He'd killed them all. Burned them, smashed them with iron hands, ripped the guns from their hands and used them to make sure they'd never hurt anyone ever again—especially not with _his_ creations. He made sure of it all.

And then Yinsen had died. The kind doctor who'd ripped into his heart and somehow re-started it for good, who was the first person in… his life really to show honest kindness towards him. And he'd died, bleeding out in his arms and a small smile saying that he was going to see his family now. Family, that Tony's own weapons had killed.

Never, in all the months they'd spent together, did the man ever show any animosity toward him, when perhaps he had more reason than anyone Tony had ever met to hate him.
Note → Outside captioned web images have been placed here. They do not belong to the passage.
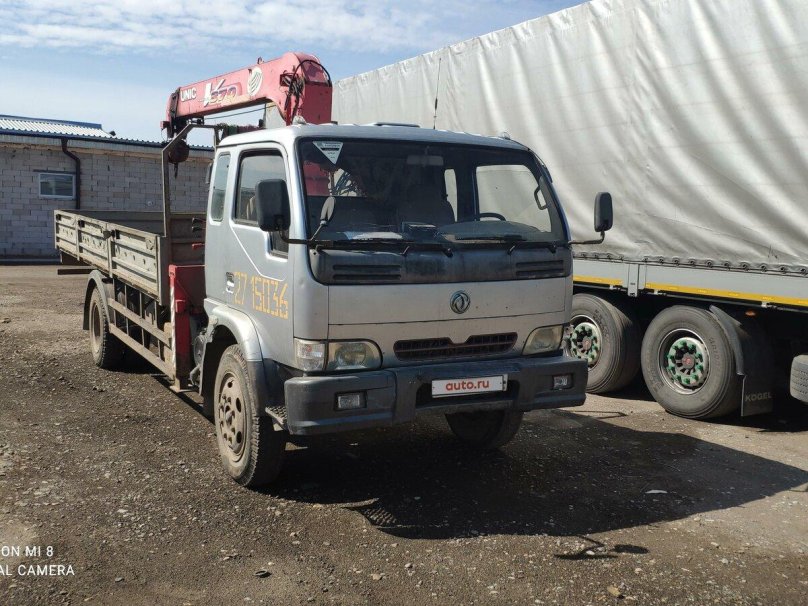 Dongfeng EQ 1074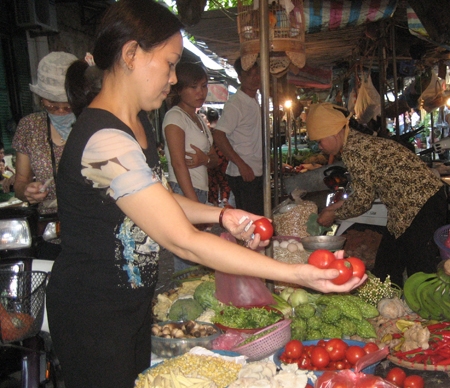 Điện, nước, gas, xăng tăng giá: Doanh nghiệp ”méo mặt”, dân lại ”còng lưng”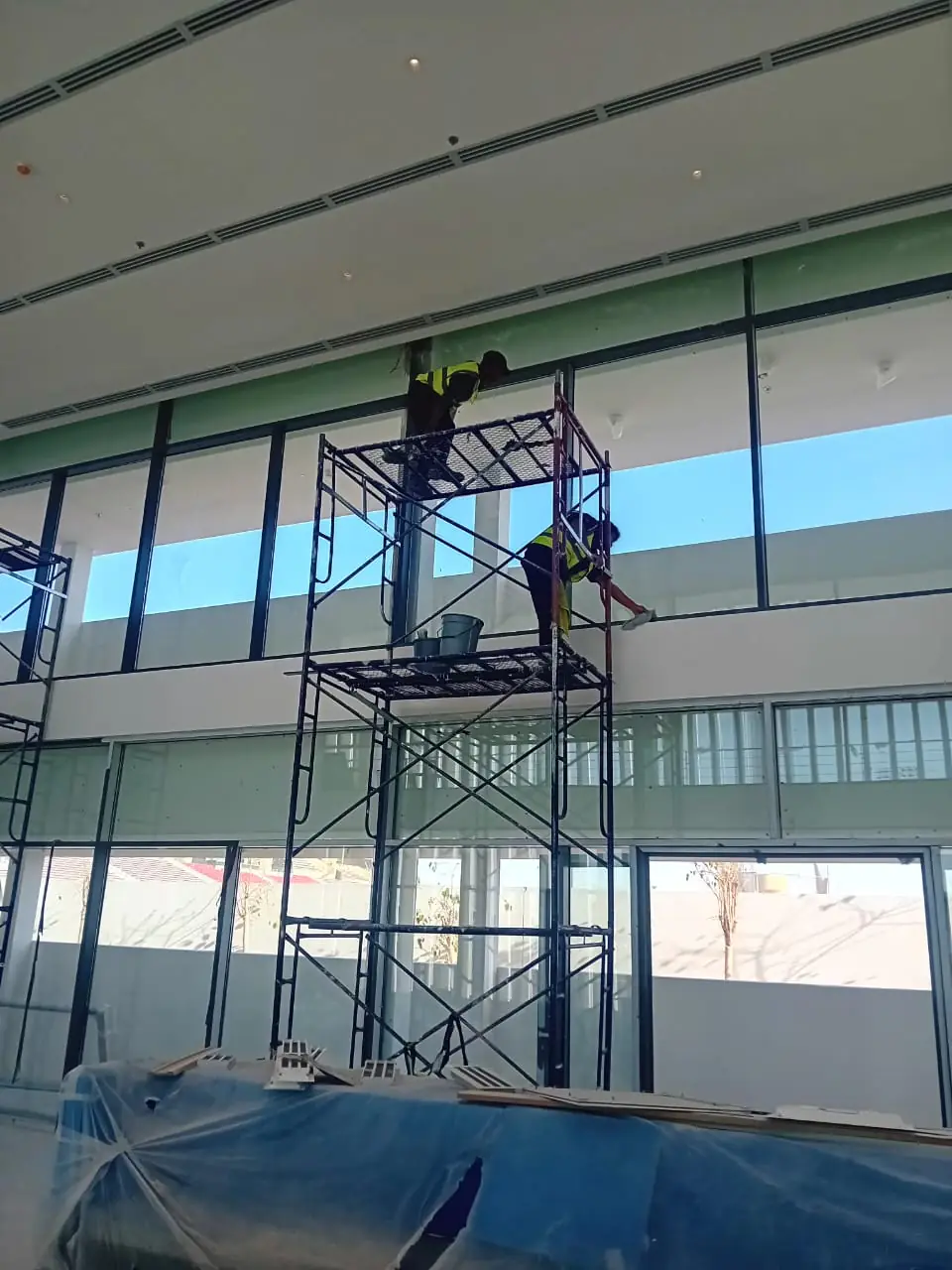 عرض اليوم الوطني لتنظيف شركة أو منشأة في الرياض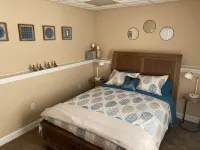 2 Separate Units in one Building w/ Private Entrances and Parking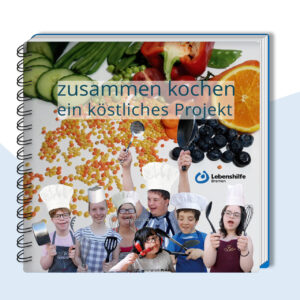 Titelbild vom Kochbuch Zusammen kochen, ein köstliches Projekt. In der oberen Hälfte sieht man buntes Obst und Gemüse. Darunter stehen Kinder mit verschiedenen Behinderungen. Sie haben Kochmützen auf und lachen.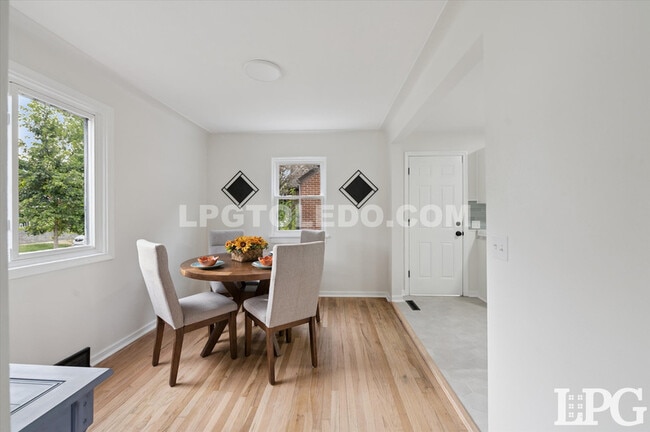 Building Photo - 2736 Northwood Ave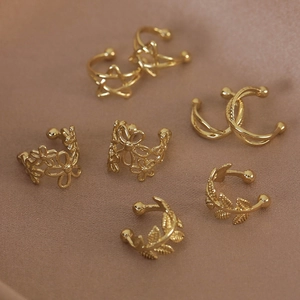 Ensemble de clips d'oreilles dorés avec feuilles et fleurs sur tissu de soie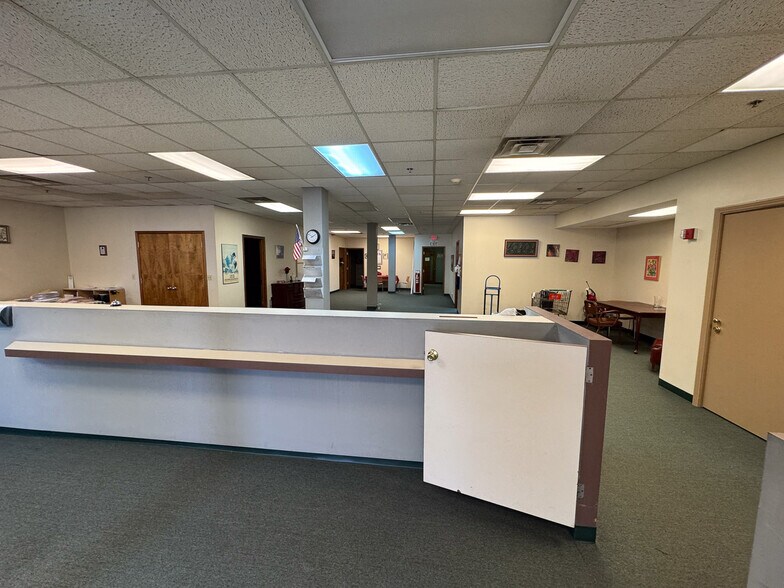 More Photos Of 243 E Main St, Alliance Apartments For Sale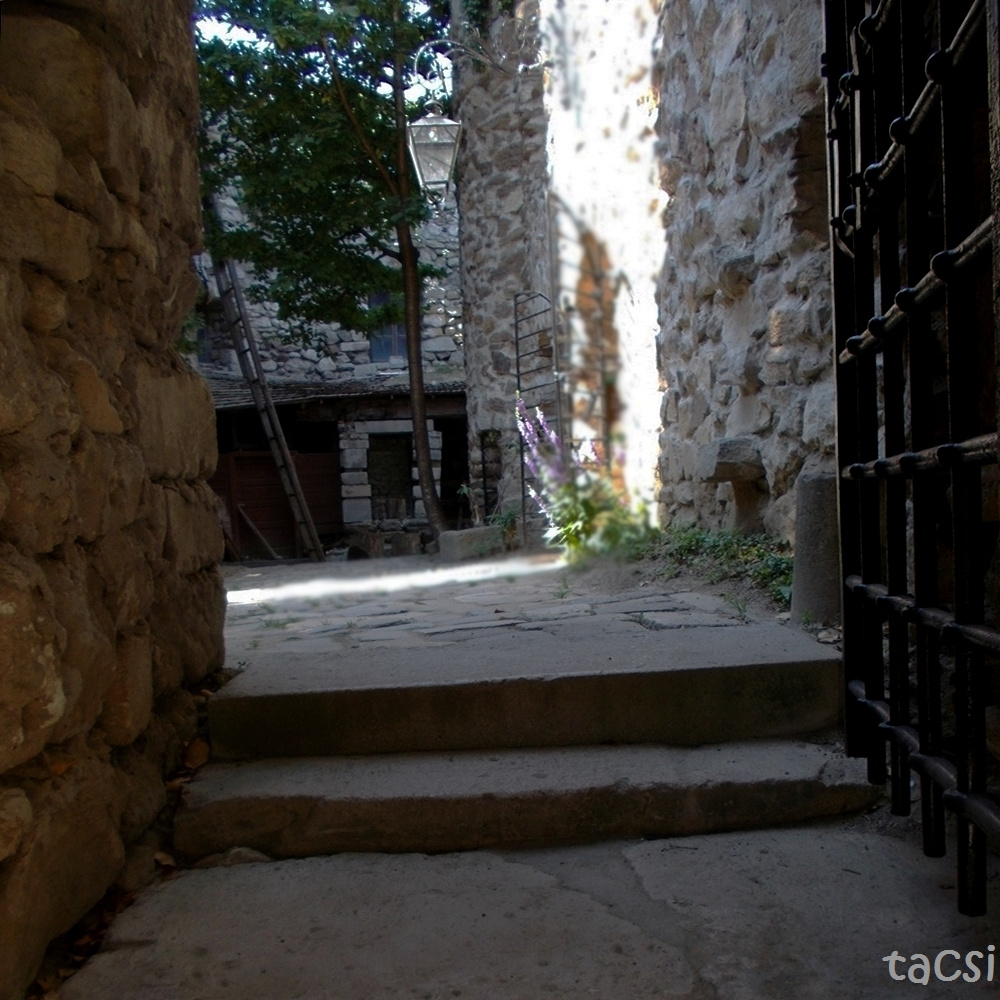 A Taródi vár oldalbejárata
It was easy to realize, as he lay dying, that this was the man who should have been his father. The aging doctor did in three months what Howard Stark had failed to do in 17 years, and actually taught Tony something about living.

_Don't waste your life._

Yinsen's last words had been for _him._

Wandering in the desert, wondering if anyone was still looking for him, he realized it might be too late. He had wasted his life. It had been by design, but still. He'd never had anyone to disappoint before. No one ever cared enough to expect anything other than disappointment from him.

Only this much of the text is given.